Word for word, copy the line containing "brick wall with" and every line after it in the records below, leaving pictures out.

Data for this exercise Block Start

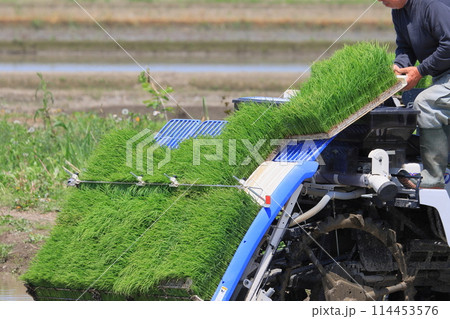 田植え　田植え機での田植え 114453576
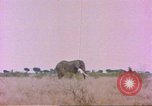 Standbild Elefanten Afrika südlich der Sahara, 1958, aus Sekunde 26 historischem Filmmaterial Videoclip 65675058730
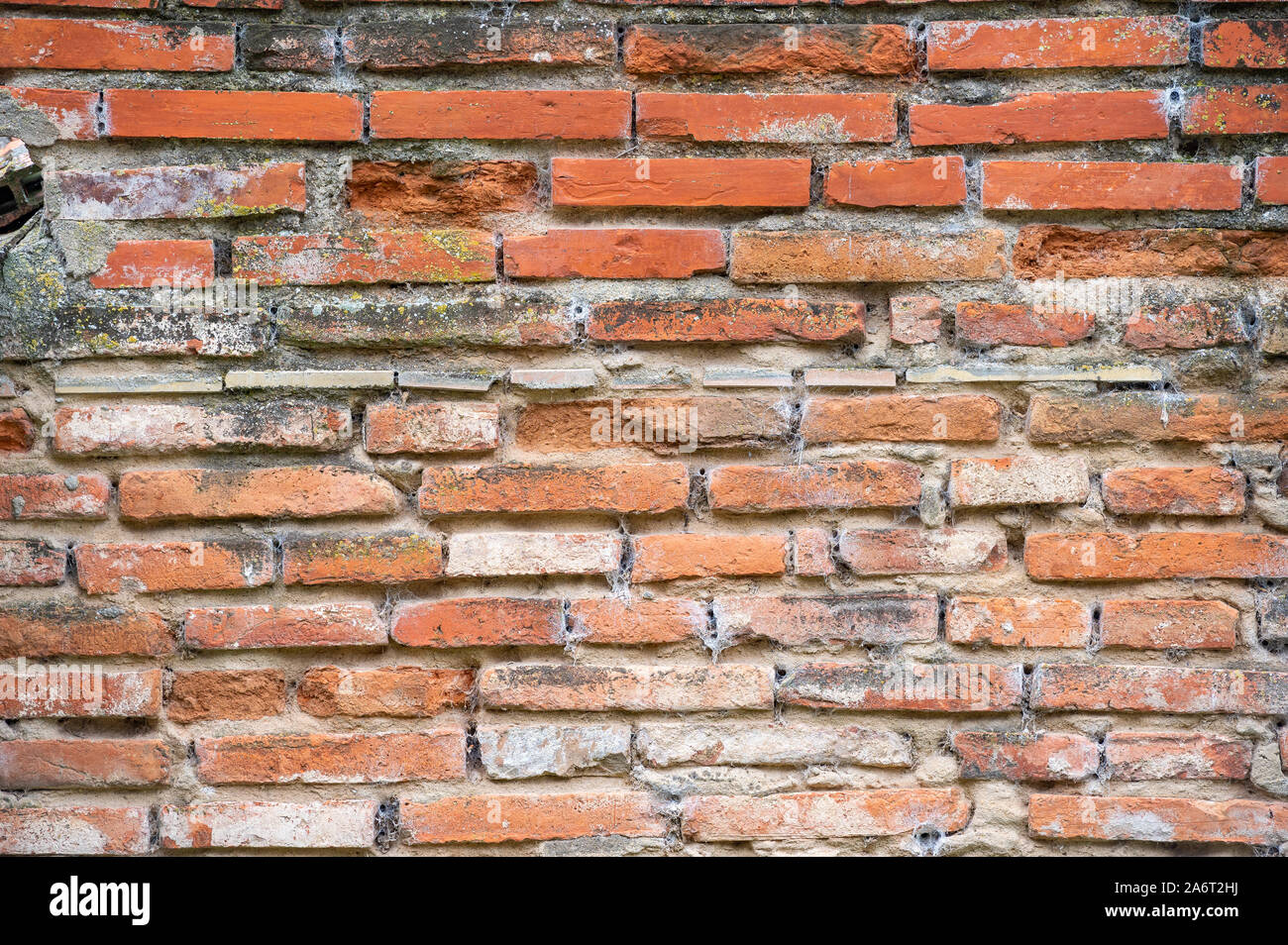 brick wall with spider webs Stock Photo Alamy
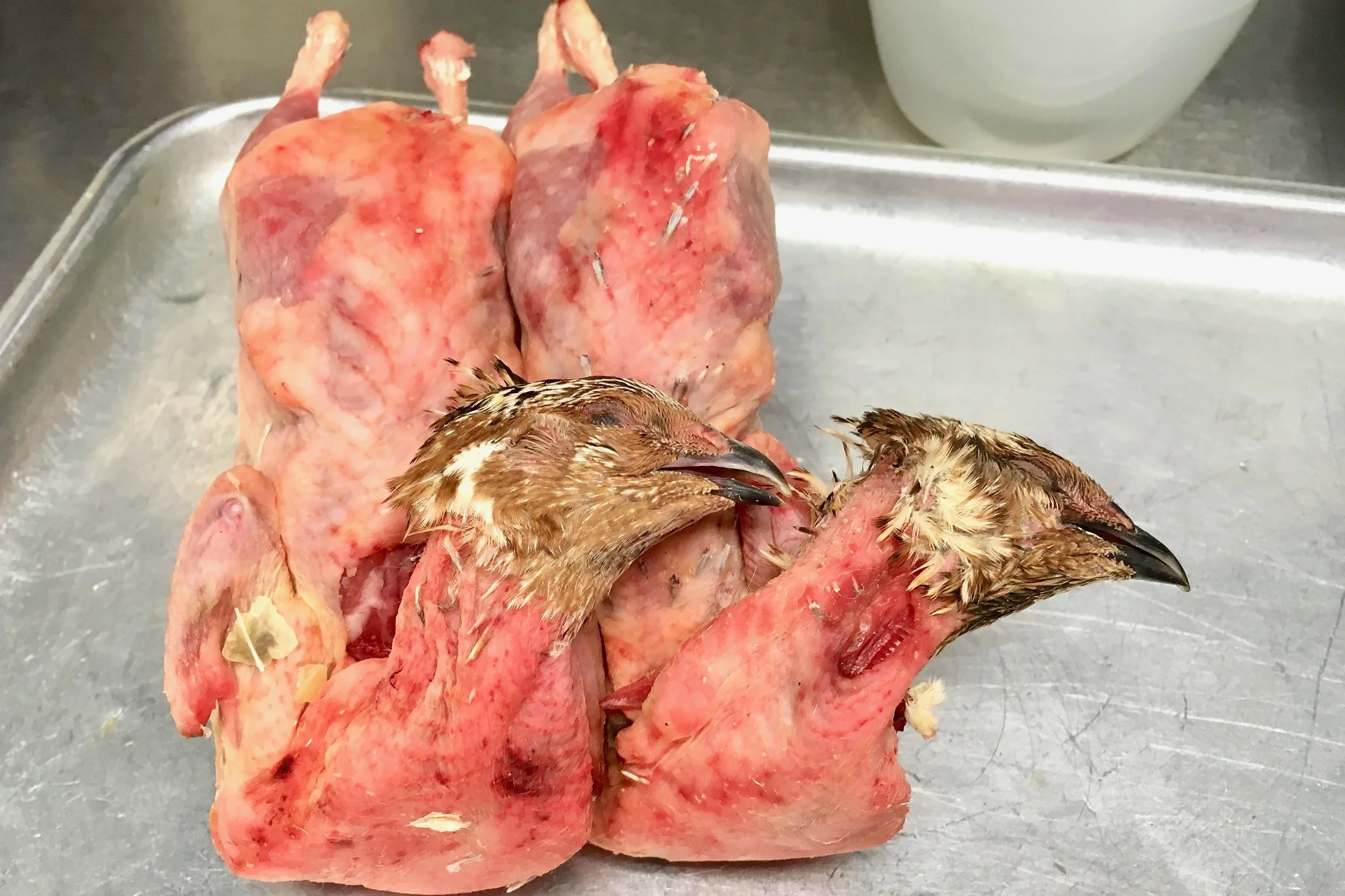 Whole quails, heads on, guts in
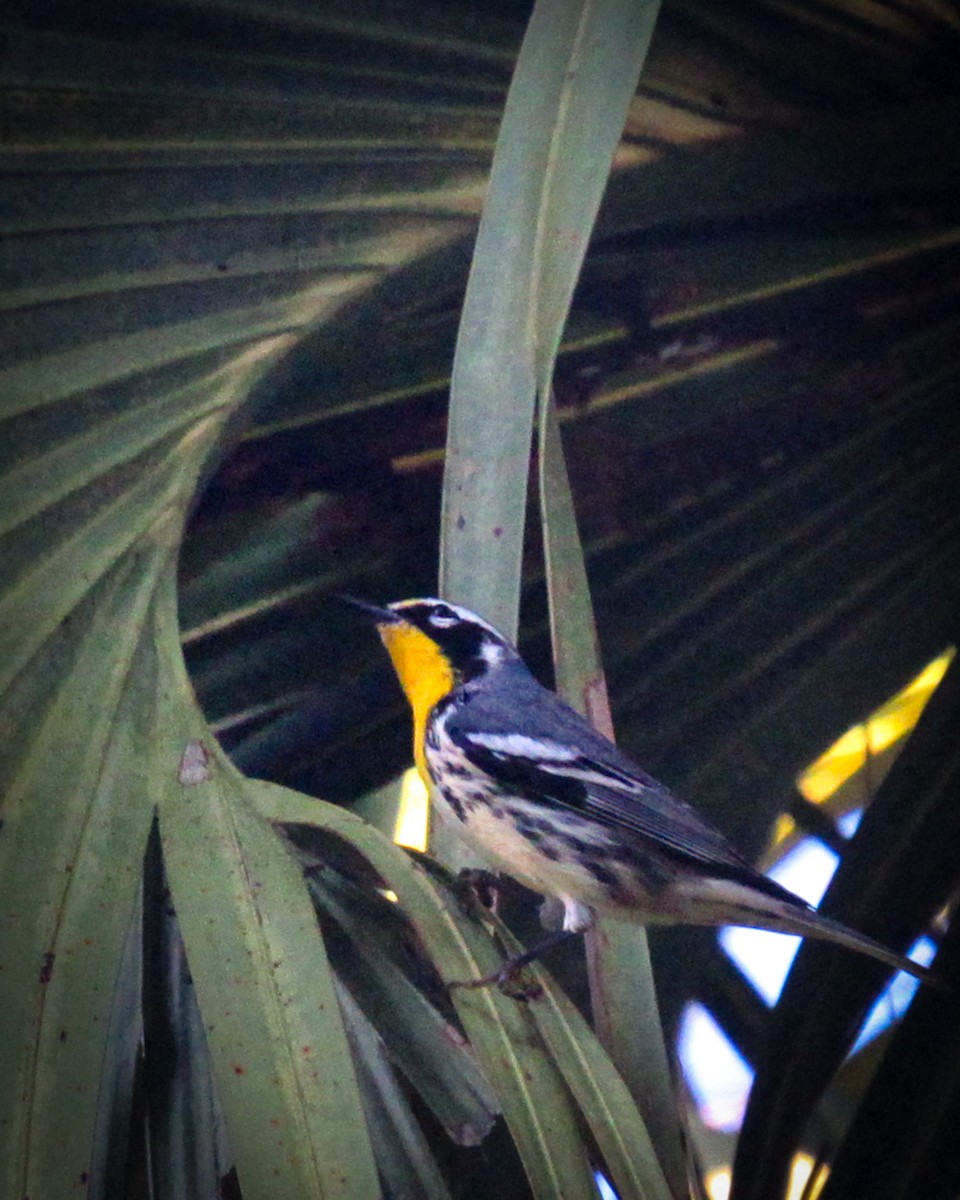 Yellow-throated Warbler - ML643976648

Data for this exercise Block End

Response area:
 brick wall with spider webs Stock Photo Alamy
 Whole quails, heads on, guts in
 Yellow-throated Warbler - ML643976648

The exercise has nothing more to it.